In 2013, USA Today reported that Google was working on an anonymous identifier for mobile and desktop called AdID, but Google never confirmed the report. Even if Google released such a solution, though, it would hardly be universal, but would likely be available via Android and the Chrome browser. (A Google rep declined comment on the 2-year-old report.)
Statistical IDs, which are based on data such as IP addresses, browsing, and device type, among other factors, so far seem to be the only alternative. There’s no statistical ID standard, though, since they’re all proprietary solutions.
Since marketers are more interested in targeting users on mobile than delving into all facets of the technology, the onus is on middlemen to make it easier for marketers to execute buys.
“I think the industry and the platforms on the supply and demand side are removing a lot of that complexity and bringing to the surface the proper controls for a buyer to be able to find and engage their audience in a straightforward manner,” Adelphic’s Collins said. “The new tools strip out a lot of complexity and pulls that to the background.”

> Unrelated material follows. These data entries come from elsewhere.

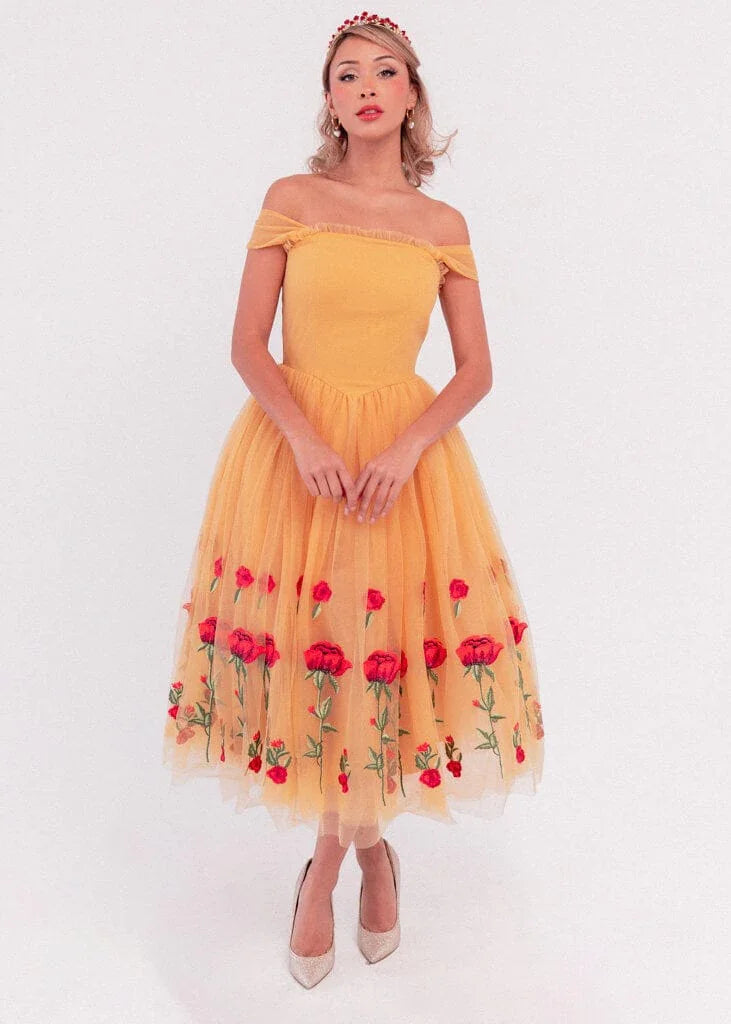 JessaKae Belle Dress - Yellow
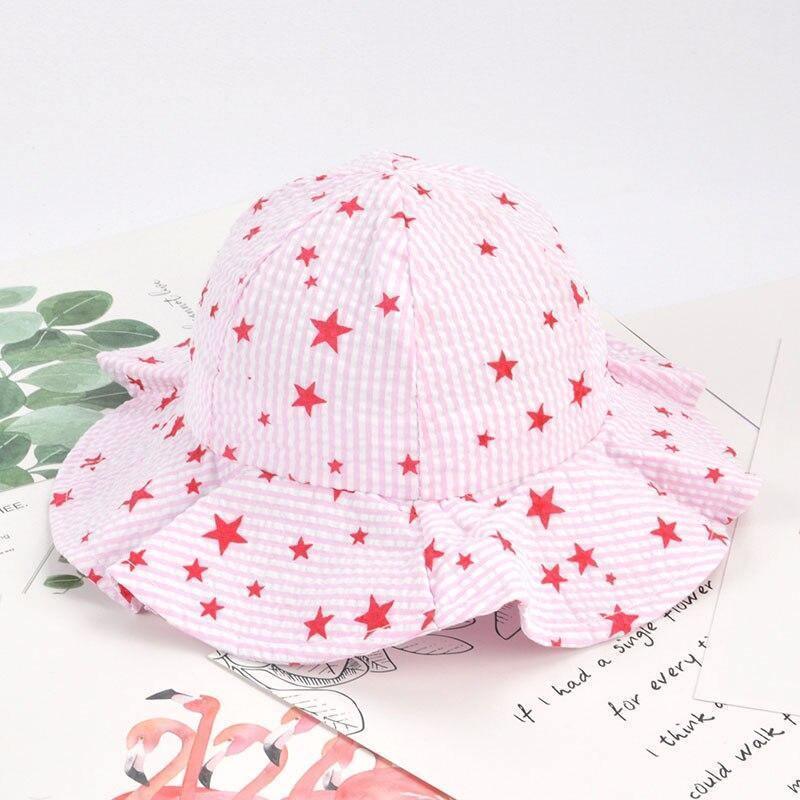 Baby Girl Summer Outdoor Beach Floral Lovely Lace Princess Bucket Sun Hat For Girls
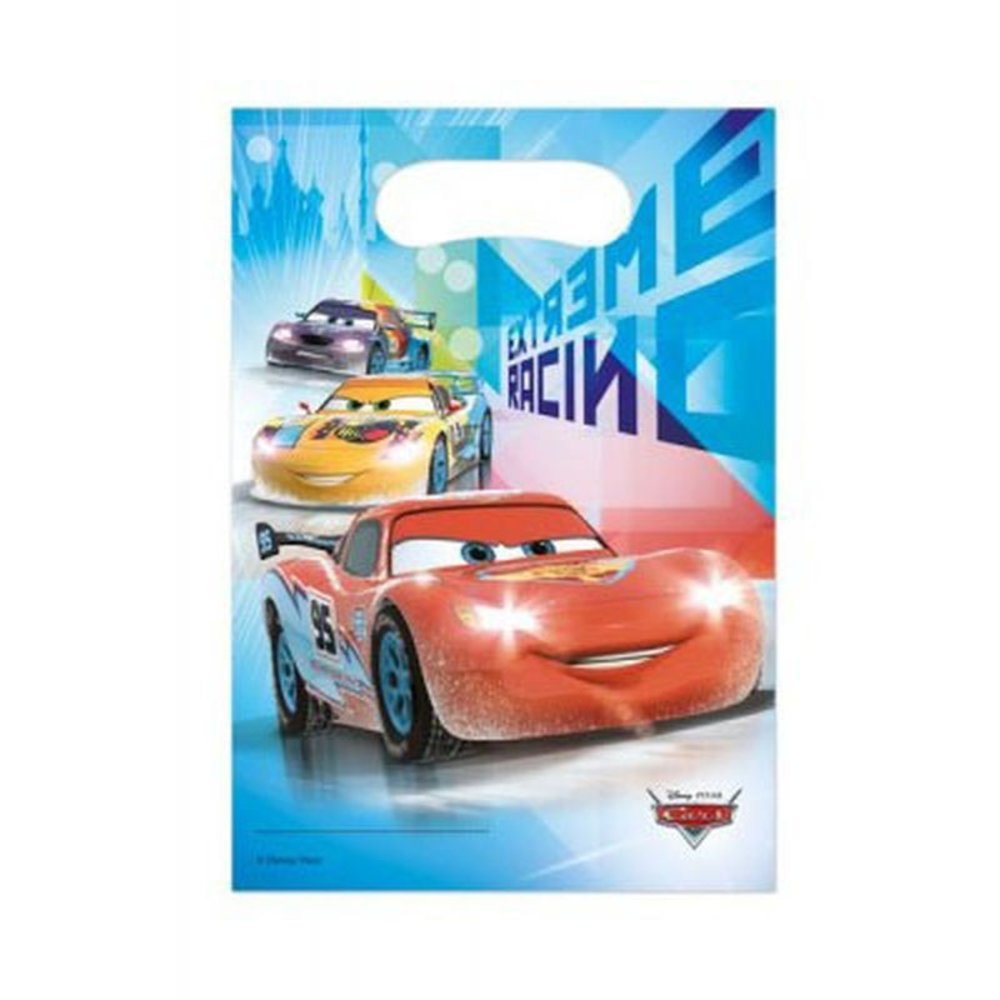 WeFiesta Party Bag Cars Ice Racers 24x17cm | 6 pieces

Even if programmatic on mobile remains challenging, there’s enough momentum for both mobile advertising and programmatic to power through. An October eMarketer report predicts that mobile programmatic will be a $9.3 billion business in the U.S. in 2015–with about $5.9 billion coming from Facebook. Then the market will rocket to $14.9 billion in 2016, when it will eclipse programmatic on desktop by a wide margin.
“It’s going to get easier for marketers to use these solutions,” eMarketer’s Fisher said.